Dollar slips, shares waver after equity rally

NEW YORK Fri Jul 19, 2013 4:37pm EDT

1 of 8. Traders work at the trading post that trades Citigroup stock on the floor of the New York Stock Exchange, in this October 16, 2012 file photo.

Credit: Reuters/Brendan McDermid/Files

NEW YORK (Reuters) - Government debt prices rose and stock markets around the world wavered on Friday when disappointing earnings results from Microsoft and Google gave investors pause after a recent string of gains that lifted major U.S. equity indexes to record levels.

In a move that could help support its economy, China's central bank removed controls on bank lending rates, signaling the new leadership's determination to carry out market-oriented reforms.

Market reaction was muted, but China is seen as a primary source of revenue growth by the world's largest multinationals.

U.S. stocks were supported by General Electric Co (GE.N) and others that beat quarterly profit expectations, helping lift the benchmark S&P 500 index to another record closing high.

Of the 104 companies in the S&P 500 that have posted results so far for the second quarter, 65.4 percent have reported profit above expectations, a rate slightly above recent quarters.

The S&P 500 and Dow posted their fourth straight week of gains, lifted by reassurances this week that the Federal Reserve would be flexible about when it ends monetary stimulus.

The S&P 500 index had advanced in 10 of the past 12 sessions, setting record highs, including all-time intra-day and closing highs on Thursday. The benchmark pared initial losses to close higher on Friday, as did a measure of global stocks.

"The sentiment of the market is that after a great run on the back of Bernanke's comments and decent earnings, we're consolidating a little bit," said Lucas Roux de Luze, sales trader at TJM Partners, in London.

The Nasdaq fared worse than the other two major U.S. indexes, falling 0.66 percent after Microsoft Corp (MSFT.O) and Google Inc (GOOG.O) both reported results that fell short of expectations.

European shares ended flat but chalked up a fourth straight week of gains on Friday. Emerging market stocks fell 0.7 percent.

MSCI's all-country world index .MIWD00000PUS rebounded, rising 0.07 percent. The pan-European FTSEurofirst 300 .FTEU3 of leading regional shares fell 0.01 percent to close at 1,209.00.

The Dow Jones industrial average .DJI closed down 4.80 points, or 0.03 percent, at 15,543.74, but the S&P 500 .SPX gained 2.72 points, or 0.16 percent, to 1,692.09. The Nasdaq composite .IXIC dropped 23.66 points, or 0.66 percent, to 3,587.61.

For the week, the Dow rose 0.5 percent, the S&P added 0.7 percent and the Nasdaq fell 0.3 percent.

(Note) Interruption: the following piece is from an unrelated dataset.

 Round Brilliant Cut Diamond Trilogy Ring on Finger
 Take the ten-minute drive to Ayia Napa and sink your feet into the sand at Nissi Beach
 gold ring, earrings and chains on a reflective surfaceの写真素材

Sentiment was bolstered by long-awaited lending changes in China designed to boost its flagging growth. The People's Bank of China said it was removing its floor on lending rates for commercial banks, meaning they will now be able to cut rates as much as they see fit to attract borrowers.

Economists have been optimistic about U.S. growth prospects for some time, but some are now starting to become increasingly upbeat about Europe, too.

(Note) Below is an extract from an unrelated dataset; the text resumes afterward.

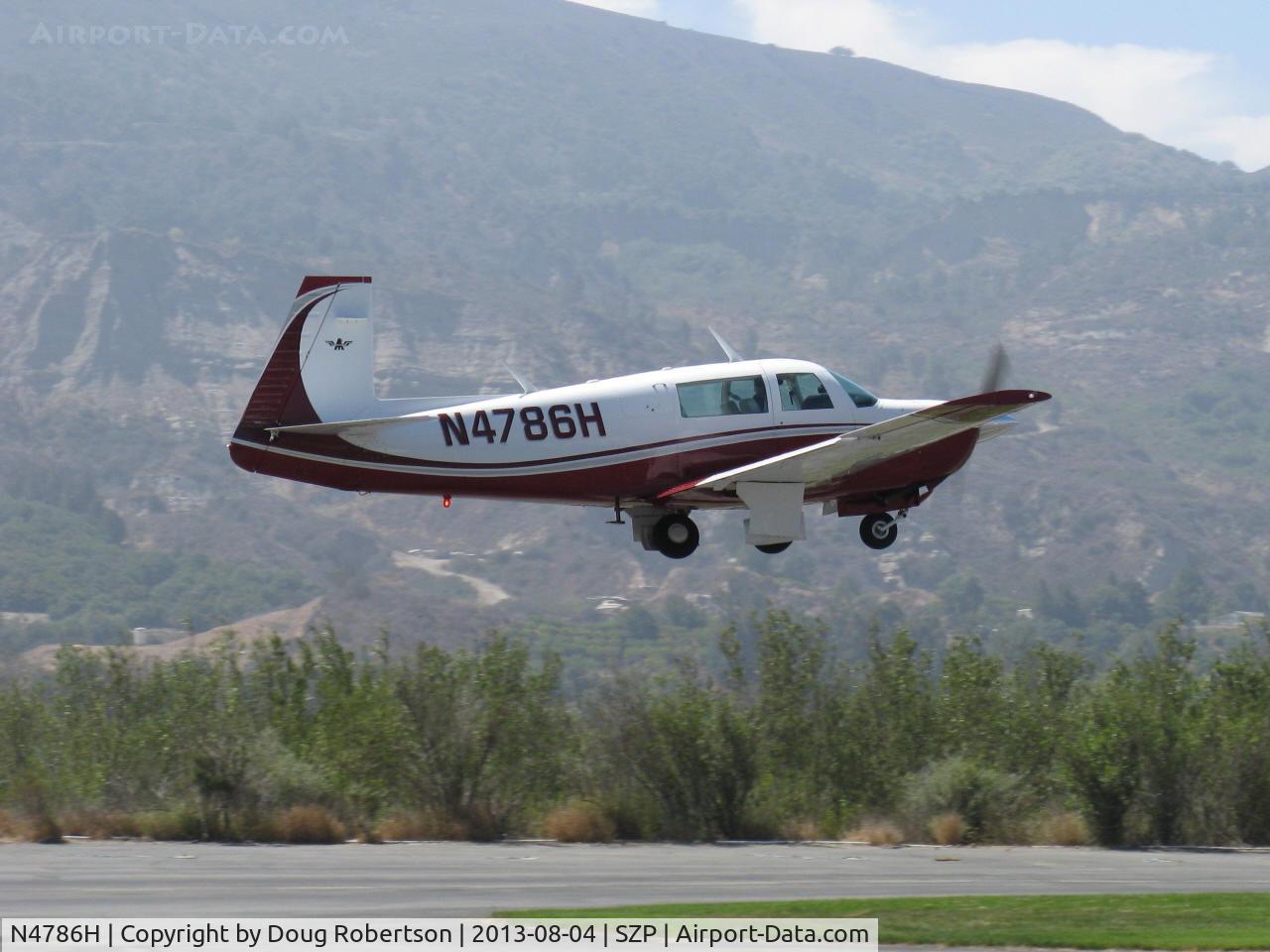 N4786H, 1979 Mooney M20J 201 C/N 24-0876, 1979 Mooney M20J 201, Lycoming IO-360-A&C 200 Hp, fast takeoff climb Rwy 22, suckin' em up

"Our biggest overweight is still the U.S., that story is just getting better and better, but what has surprised many externally and internally is that we have just gone overweight on Europe," said UBS global macro strategist Ramin Nakisa.

"The biggest acceleration of any region we look at is in Europe at the moment. Emerging markets are slowing down, whereas Europe is picking up, so you can't wait for the GDP figures because they are always backward looking."

The 10-year U.S. Treasury was up 14/32 in price to yield 2.4821 percent.

The U.S. municipal bond market fell sharply on Friday, a day after Detroit filed for the largest municipal bankruptcy in history.

German Bund futures settled down 1 tick at 144.22 after earlier touching a session low of 143.99 following the lending changes in China.

The euro rose 0.25 percent to $1.3142, while the dollar index .DXY was down 0.29 percent at 82.583.

The dollar hit a one-week high of 100.86 yen, according to Reuters data, before pulling back slightly to trade down 0.01 percent at 100.39 yen.

U.S. crude briefly traded at a premium to the global benchmark, Brent crude, for the first time since October 2010 as the latter market fell sharply while better demand for U.S. crude supported the domestic market.

Brent for September settled down 63 cents at $108.07, while U.S. oil for September rose 1 cent to settle at $108.05 a barrel.

After a steady week for commodities, gold rose 0.8 percent.